Image-text web data

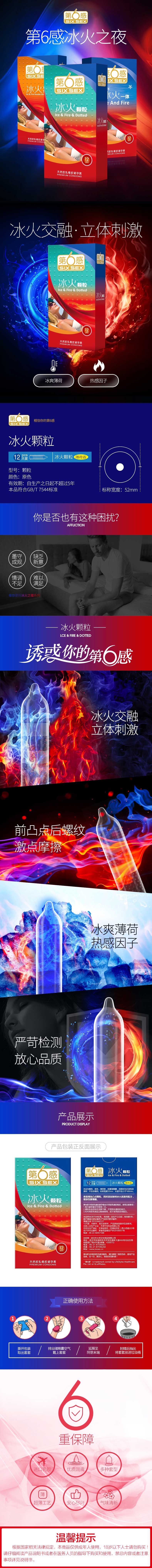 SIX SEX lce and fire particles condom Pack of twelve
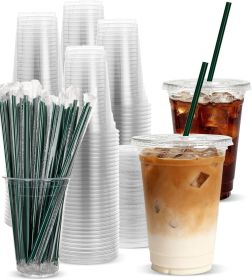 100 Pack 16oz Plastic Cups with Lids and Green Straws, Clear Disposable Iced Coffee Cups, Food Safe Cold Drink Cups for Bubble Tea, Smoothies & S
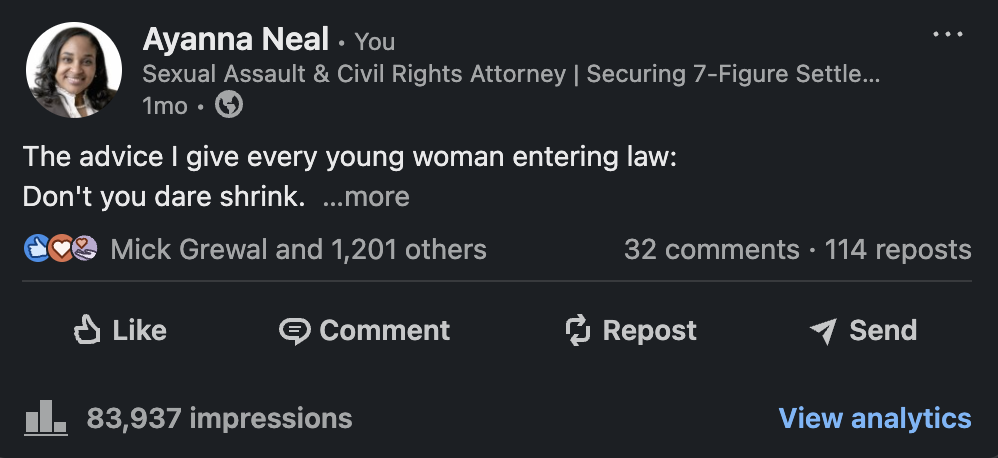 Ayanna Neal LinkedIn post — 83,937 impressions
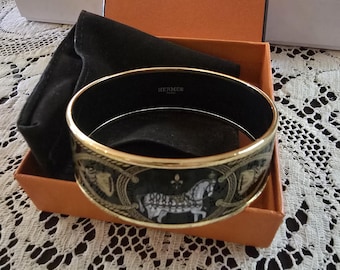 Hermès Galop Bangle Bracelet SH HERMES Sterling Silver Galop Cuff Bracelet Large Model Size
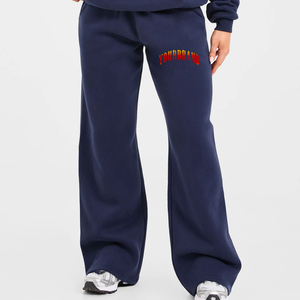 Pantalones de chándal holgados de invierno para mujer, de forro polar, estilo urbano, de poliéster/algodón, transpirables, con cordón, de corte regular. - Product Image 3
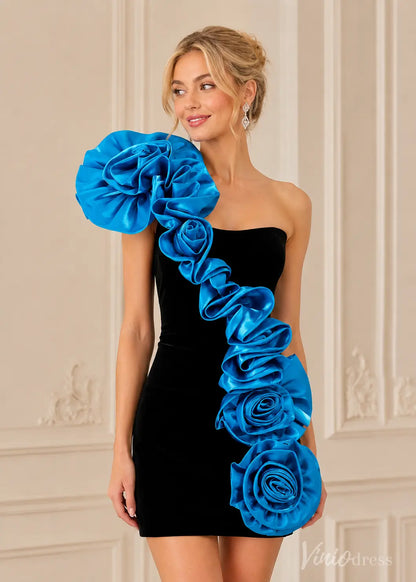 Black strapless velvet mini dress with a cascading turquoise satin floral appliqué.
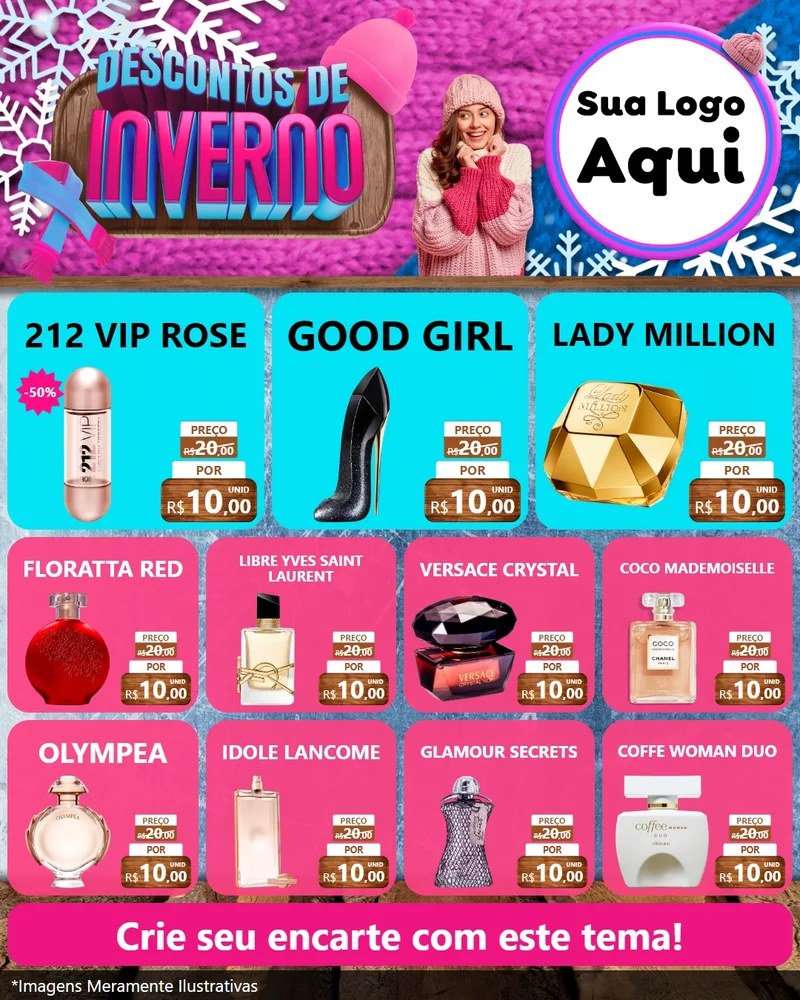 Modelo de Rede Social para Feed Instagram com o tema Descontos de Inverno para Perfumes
* * *
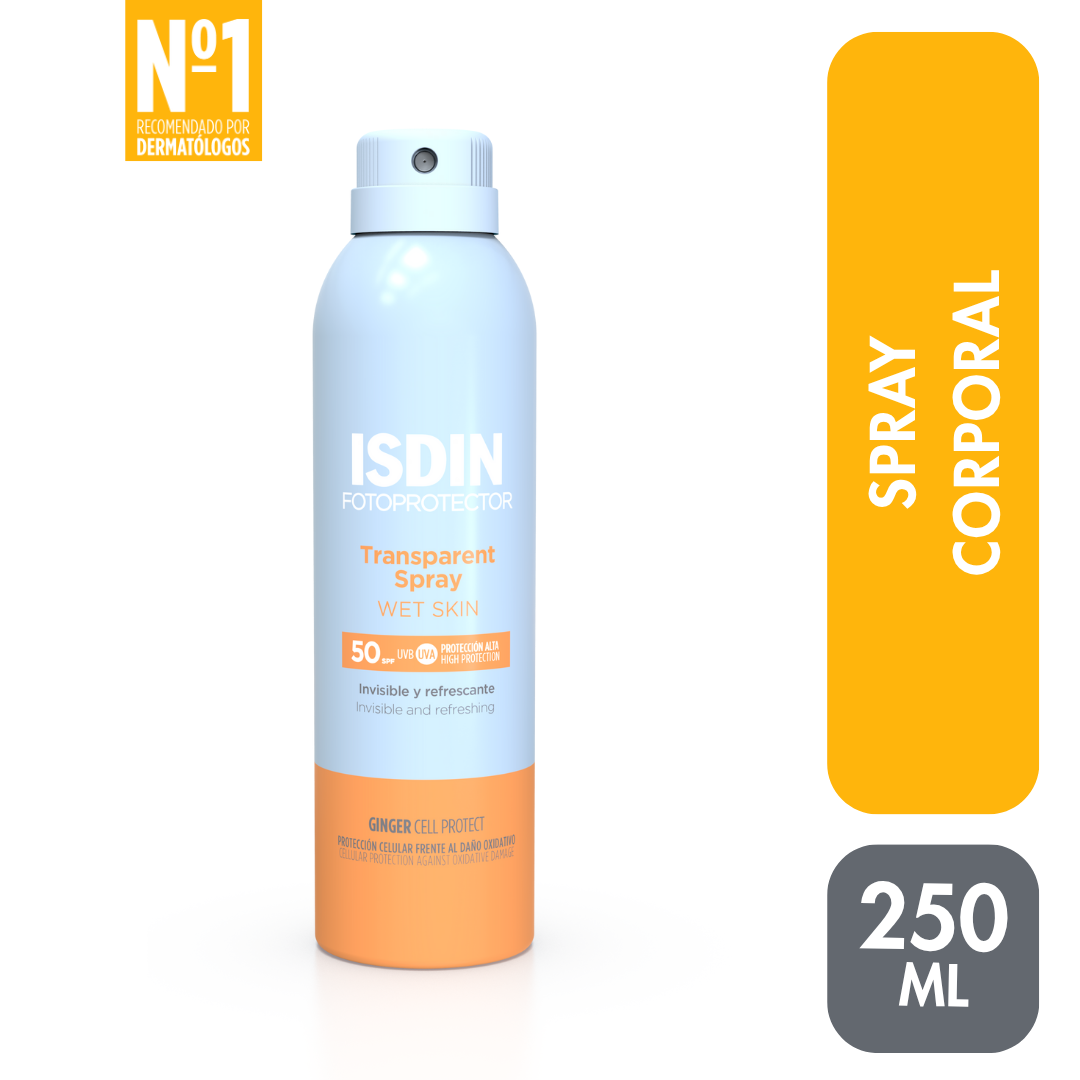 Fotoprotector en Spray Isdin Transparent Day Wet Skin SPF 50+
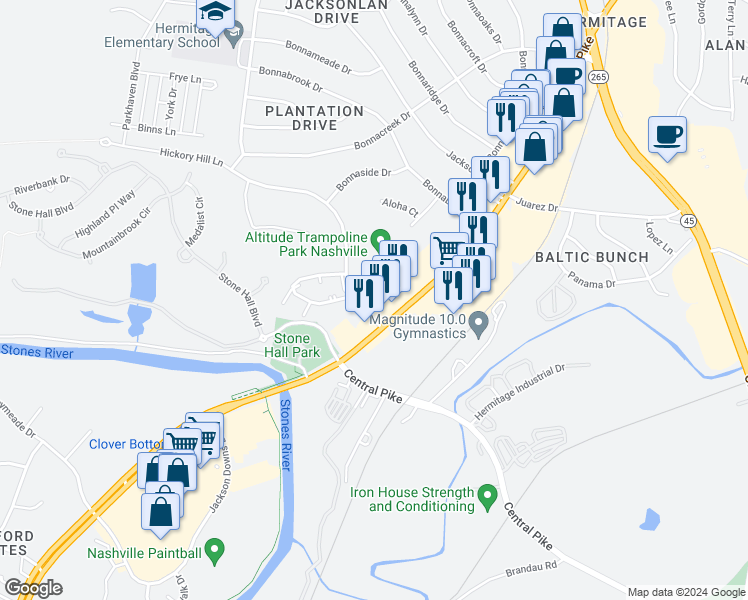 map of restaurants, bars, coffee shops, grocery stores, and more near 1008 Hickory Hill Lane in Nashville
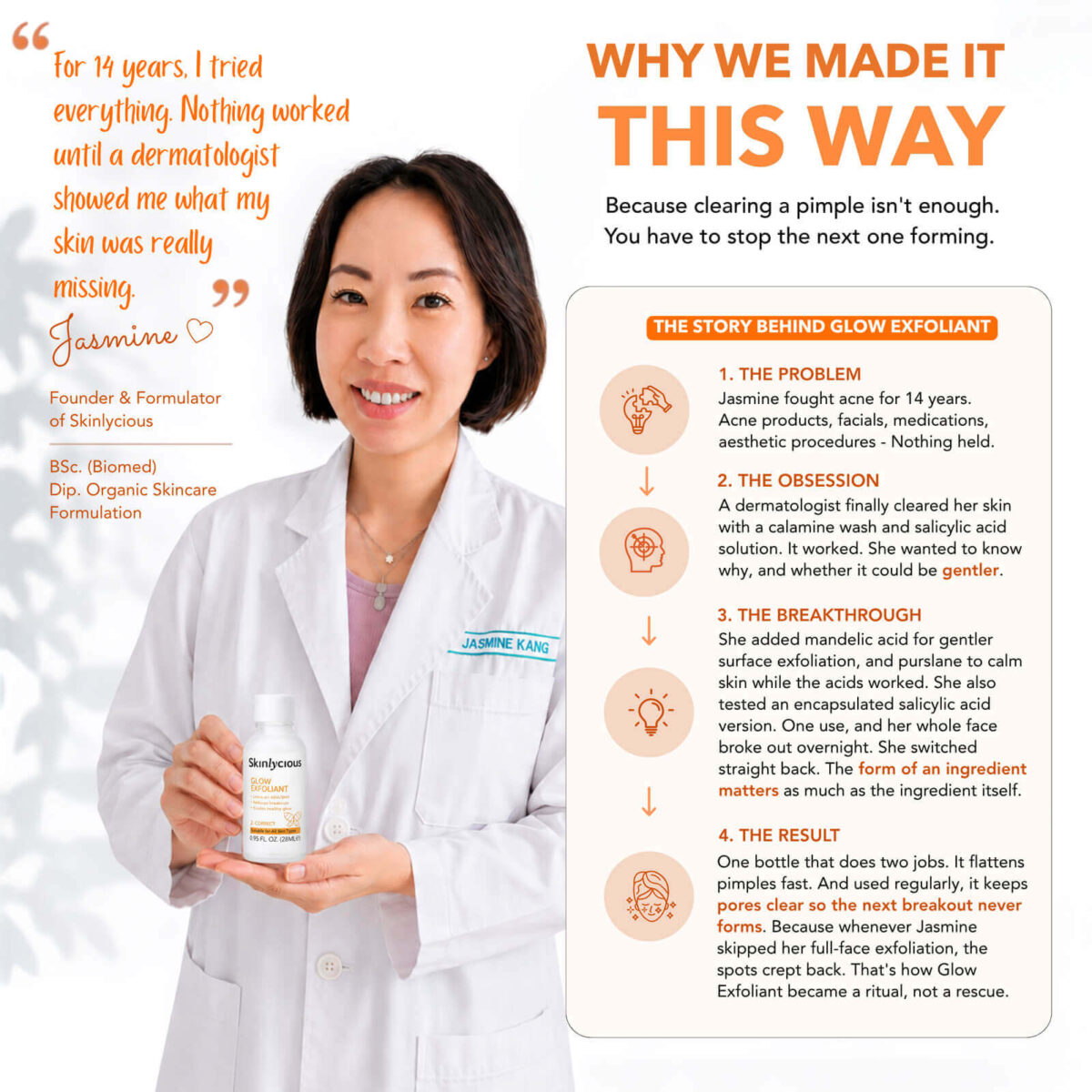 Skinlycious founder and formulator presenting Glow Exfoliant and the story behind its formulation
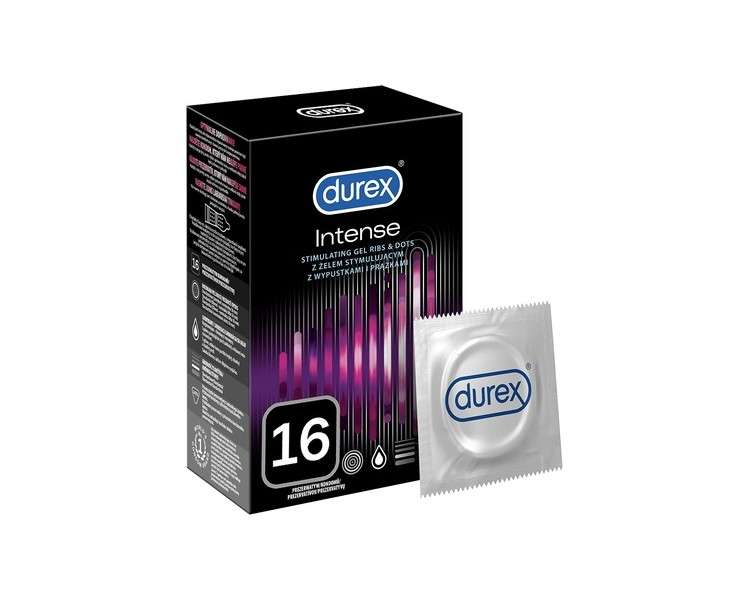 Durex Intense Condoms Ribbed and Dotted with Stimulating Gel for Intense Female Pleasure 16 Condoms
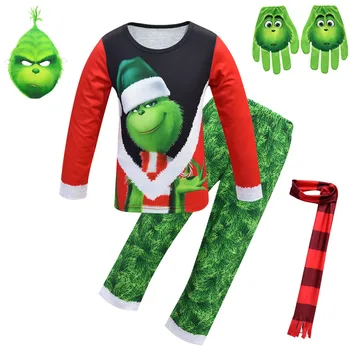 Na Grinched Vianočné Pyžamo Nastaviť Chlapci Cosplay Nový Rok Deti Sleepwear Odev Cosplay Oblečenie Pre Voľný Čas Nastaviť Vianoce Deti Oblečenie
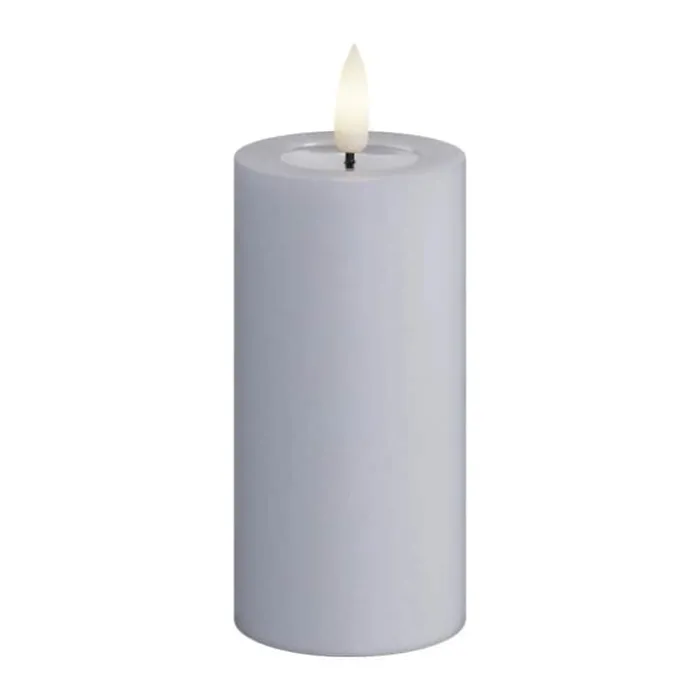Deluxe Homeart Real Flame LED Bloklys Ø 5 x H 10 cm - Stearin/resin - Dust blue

→ **What needs to be done**
From the records above, return exactly the lines running from the one that contains "Hermès Galop Bangle" down to the one that contains "Modelo de Rede", both included, without any pictures.

→ **Answer space**
 Hermès Galop Bangle Bracelet SH HERMES Sterling Silver Galop Cuff Bracelet Large Model Size
 Pantalones de chándal holgados de invierno para mujer, de forro polar, estilo urbano, de poliéster/algodón, transpirables, con cordón, de corte regular. - Product Image 3
 Black strapless velvet mini dress with a cascading turquoise satin floral appliqué.
 Modelo de Rede Social para Feed Instagram com o tema Descontos de Inverno para Perfumes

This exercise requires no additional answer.